Based on the same AMD 785G northbridge and SB710 southbridge, on the face of it this offers near identical features as the cheaper Asus board.

There's the single x16 PCI-e slot, six USB ports, five SATA ports, the single eSATA port, plus the PATA channel and a full range of VGA/DVI and HDMI v1.3 video outputs from the integrated Radeon HD 4200.

However, a little closer inspection does show that the extra outlay procures you a motherboard with a few refinements.

For instance, the heatpiped MOSFET cooler that connects to the 785G cooler is a good touch. The stacked SATA ports help ease installation of drives in a tight case.

There's a floppy connection plus headers for FireWire, a parallel and serial ports, if you need them. A dedicated 128MB for the onboard graphics, all alongside onboard overclocking controls.
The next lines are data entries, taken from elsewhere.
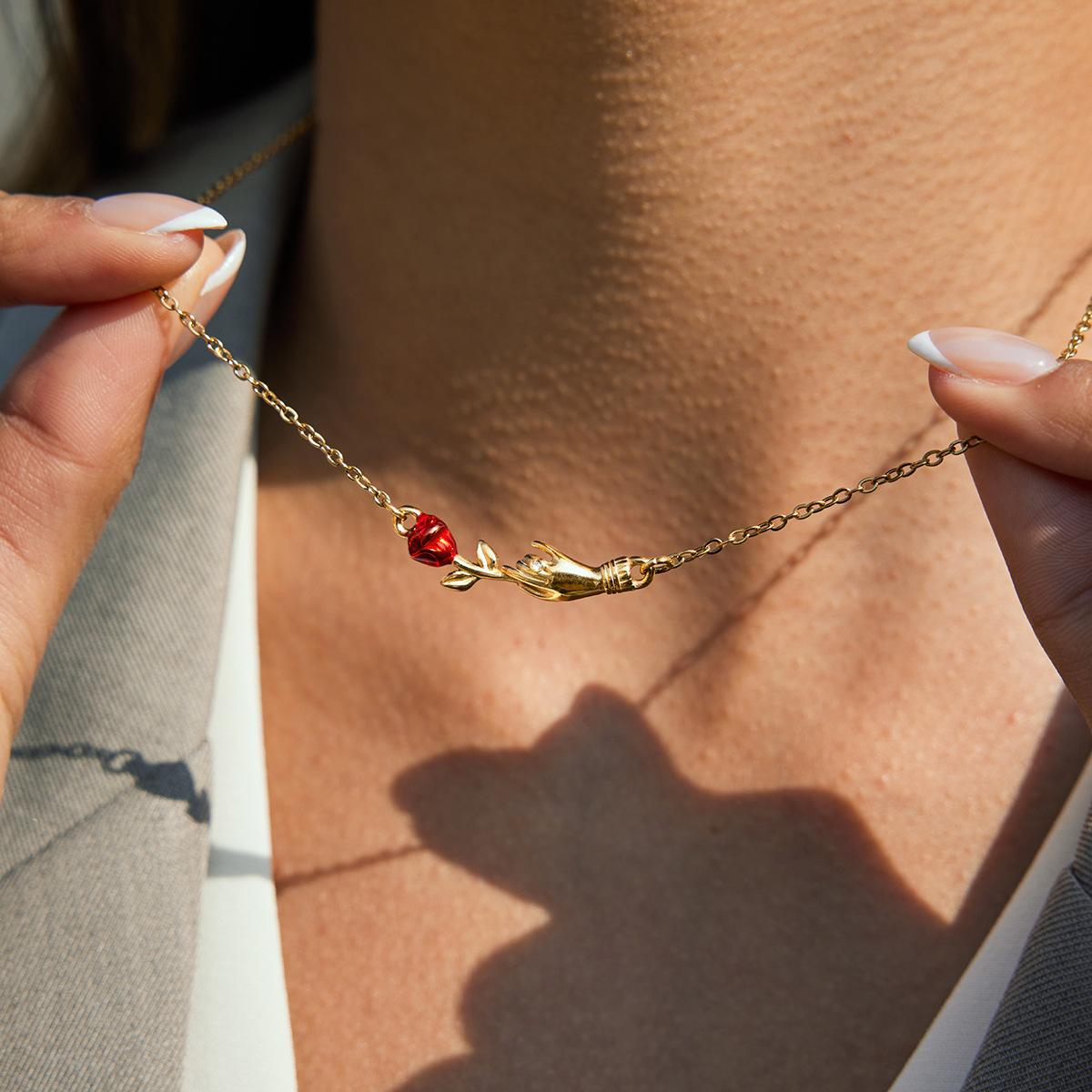 [FLAME] Women's Gold Necklace with Red Rose, Romantic Love Pendant with Small Zircon, Elegant Enamel Chain, Perfect Gift for Female Friends on Valentine's Day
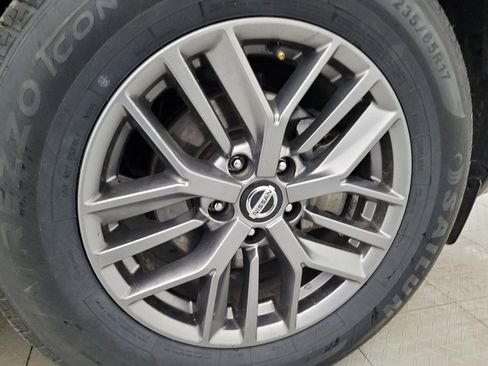 Used 2021 Nissan Rogue S FWD image 31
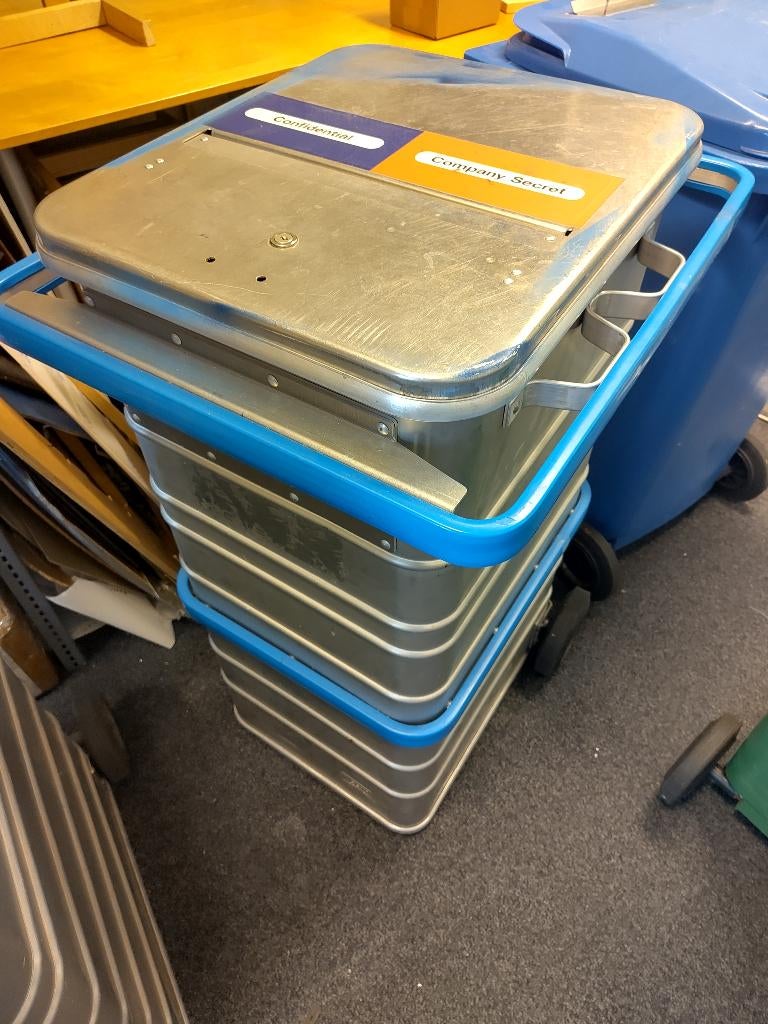 ALUMINIUM PAPIERCONTAINER MET SLOT, KANTOOR / VERTROUWLIJK, Ophalen, Nieuw, 40 liter of meer, Metaal
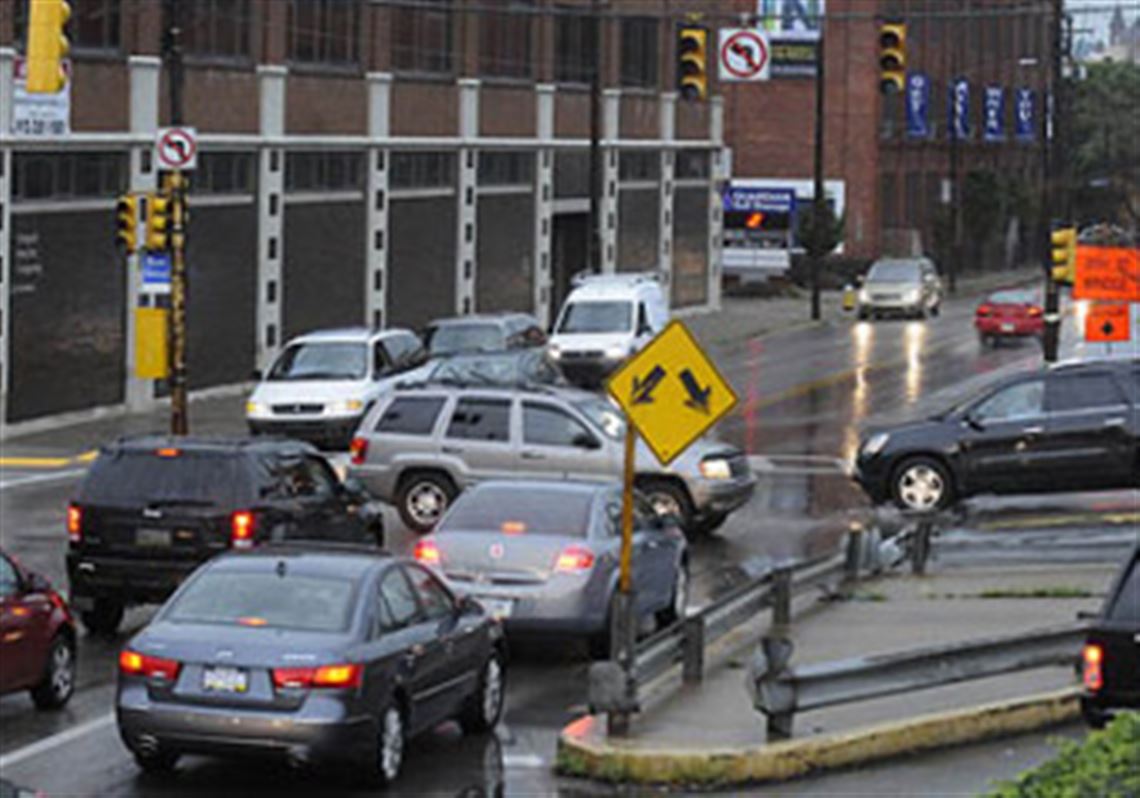 Proposed Liberty Avenue safety project Fewer traffic lanes, improved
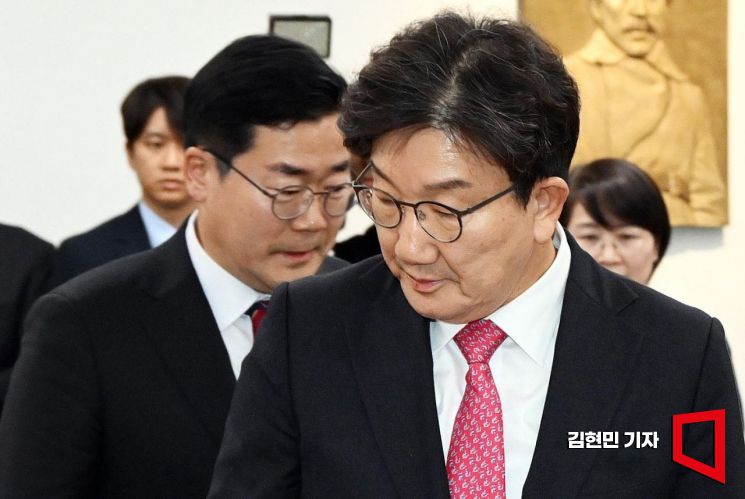 [포토] 여야 원내대표 회동 참석하는 권성동-박찬대 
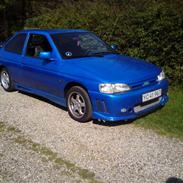 Ford escort 1,8 efi 16v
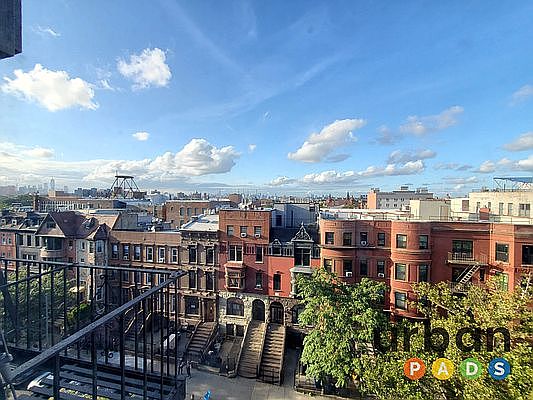 3rd image of 1236 Pacific St APT 6B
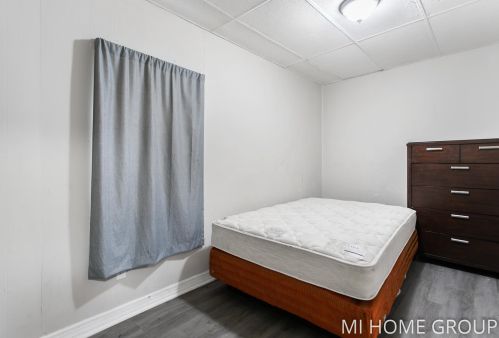 820 1 St, Grand Rapids MI 49504-5575 exterior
On the side Many of the legacy extras may go by the wayside unused, the additional cooling is still welcome as it will enhance stability and longevity of the board. The extra 128MB of frame buffer DDR3 is a welcome extra, not for performance but for saving the integrated graphics from stealing main system memory.

This AMD board supports the ATI Hybrid Graphics system, so you can drop in a HD 2400 or 3400 for a 'speed' boost. Again,this could be handy if you have an old graphics card lying around, but it's not something you're going to plan on using in a new system.

In terms of integrated performance the MSI scores 1,568 in 3DMark06 and the ASUS 1,414. So they're not of use beyond generating a home cinema HD display, which as they support the encrypted HDCP this enables you to drop in a Blu-ray player for complete home cinema capabilities with those integrated graphics.

A Dee Dee Dee

With a loaded system running a Radeon HD 4890, the Phenom II 965 draws a whopping Bloomfield-level 226W. For a Media Center that's a lot. Using just the integrated graphics with Cool 'n' Quiet enabled the loaded results still hits 170W, while the idle results is a far more respectable 56W.

In performance terms the DDR3 certainly boosts the AMD throughput to a DDR2 topping 12.78GB/s, which is a good 32 per cent ahead of the near-identical AMD DDR2 board. This however seemed to do little for the majority of the results.

In 3DMark06 the MSI just nosed ahead with 16,531, while Cinebench was just behind at 14,024. Most significantly the encoding test peaking at 77.29fps, by far the highest here even beating the Core i7 920 by a margin. But we can put that down to the Phenom II running at a speedy 3.4GHz.

So those SSE encoding pipelines can run rampant on the streaming data. Even overclocking was good with the FSB reaching 226MHz using the supplied Overclocking Center Windows utility and the raft of complete CPU and memory BIOS settings.

If you're happy with a single x16 PCIe slot then this motherboard with the AMD processor will make a solid gaming system.